== Segment start ==
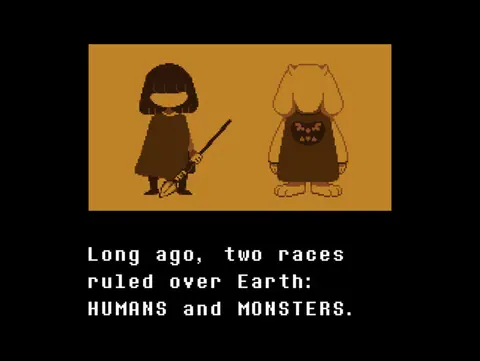 Captura de tela de Undertale (1 de 4)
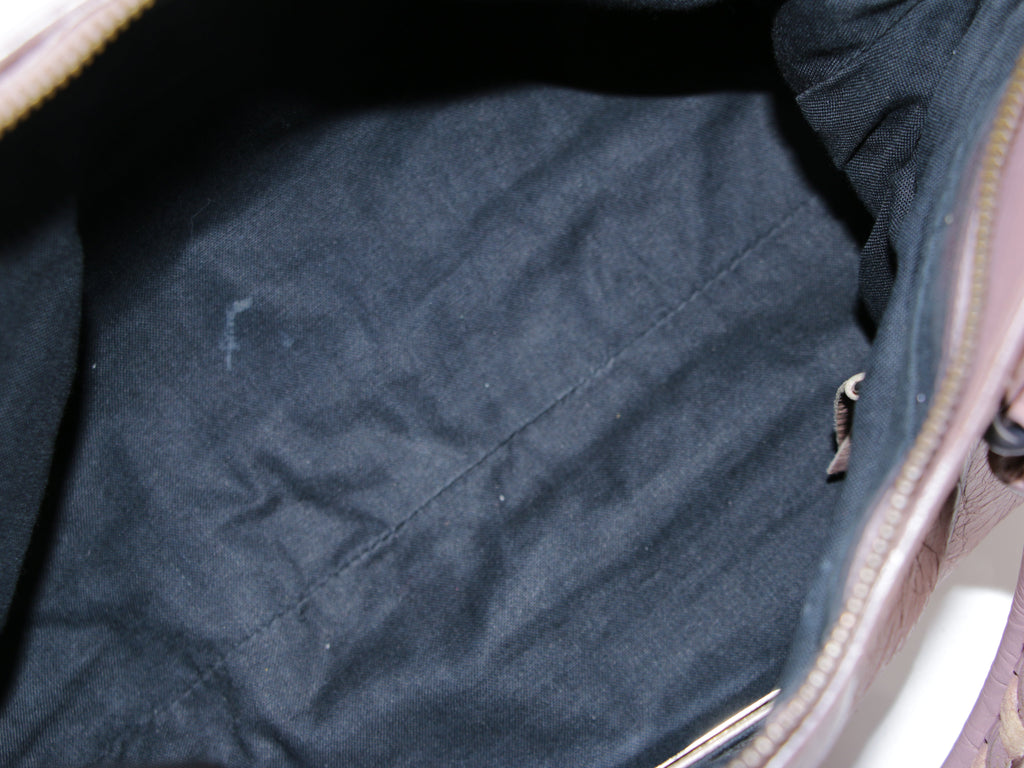 First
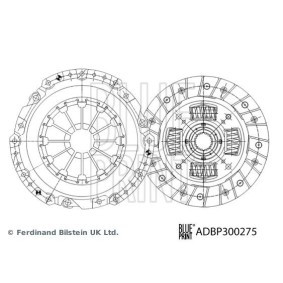 Kupplungssatz ADBP300275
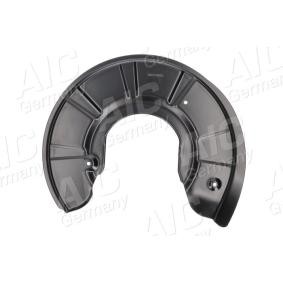 Compre Chapa deflectora, disco de travão da AIC 73445 a um preço baixo por 84,95 €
== Segment end ==
**Exercise**
Your job is to restate, word for word, only the lines from the one holding "Kupplungssatz ADBP300275" through the end of the material; pictures stay out.

**Solution to the exercise**
 Kupplungssatz ADBP300275
 Compre Chapa deflectora, disco de travão da AIC 73445 a um preço baixo por 84,95 €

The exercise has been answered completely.